Task details:
Without its pictures, the listing below is to be transcribed exactly.

Input data:
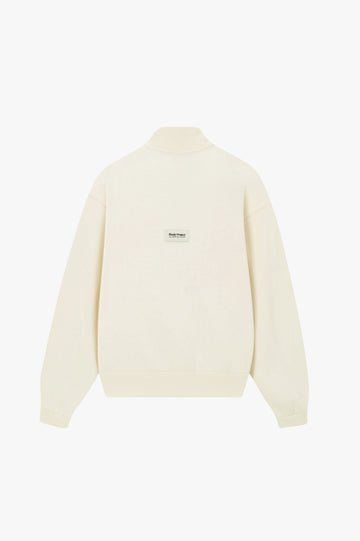 Origins Quarter-Zip Ivory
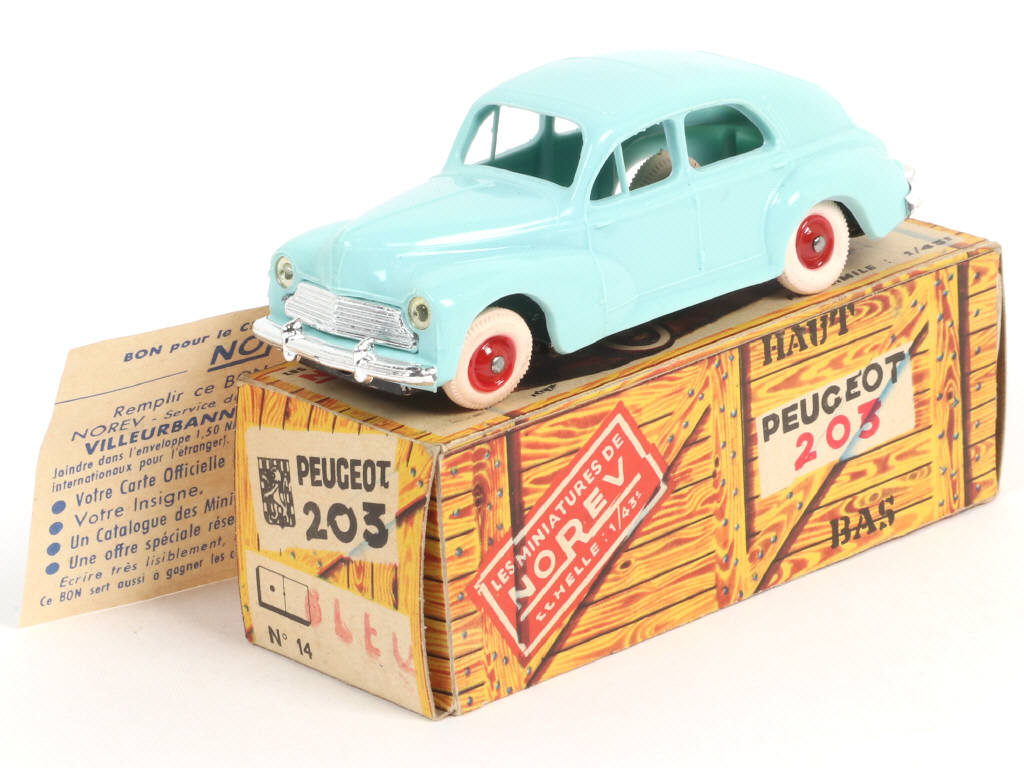 Lot 262 - NOREV (FRANCE) (1)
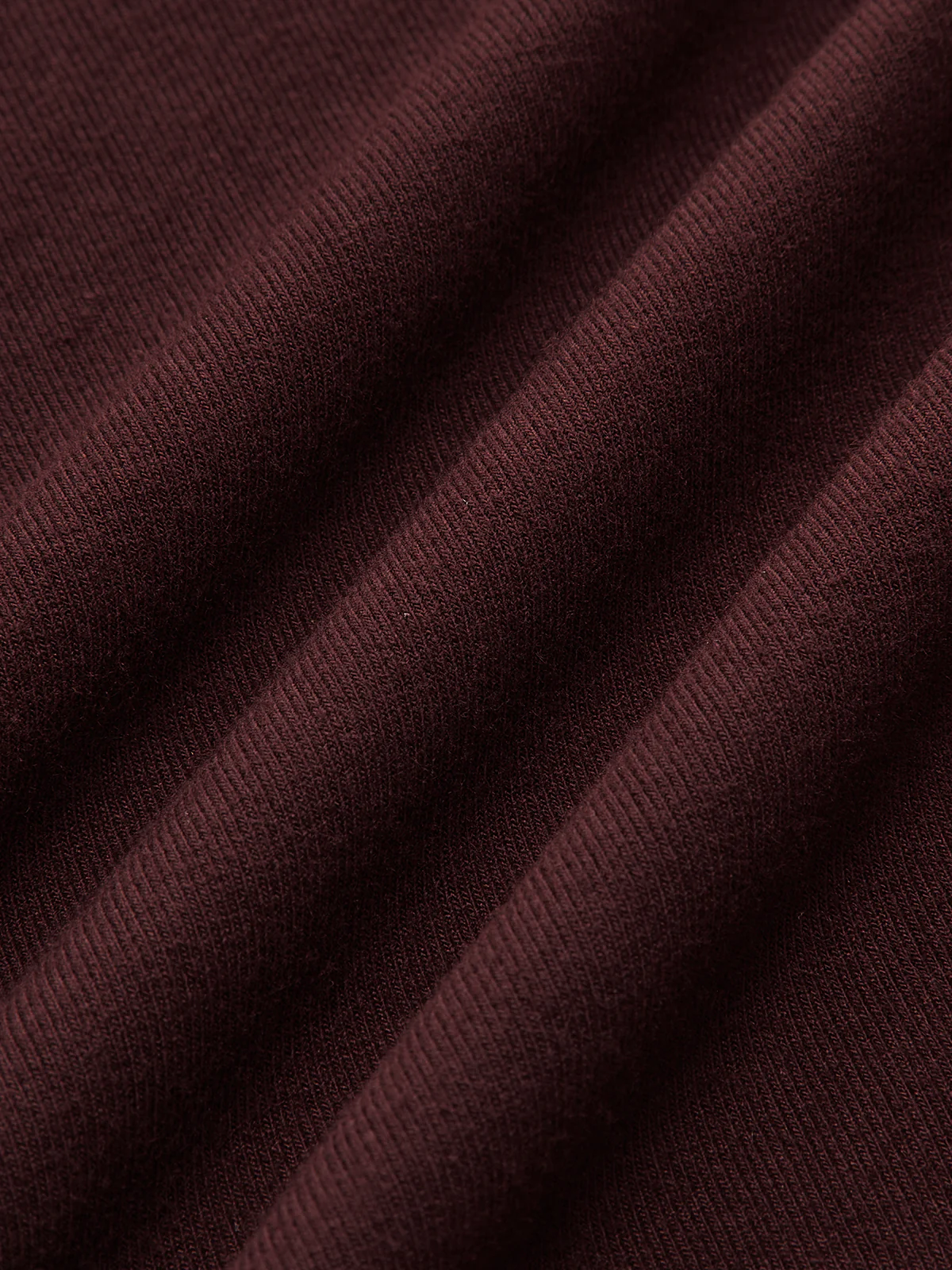 Seam Detail Mock Neck Long-Sleeve T-Shirt - Wholesalesil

Task solution:
 Origins Quarter-Zip Ivory
 Lot 262 - NOREV (FRANCE) (1)
 Seam Detail Mock Neck Long-Sleeve T-Shirt - Wholesalesil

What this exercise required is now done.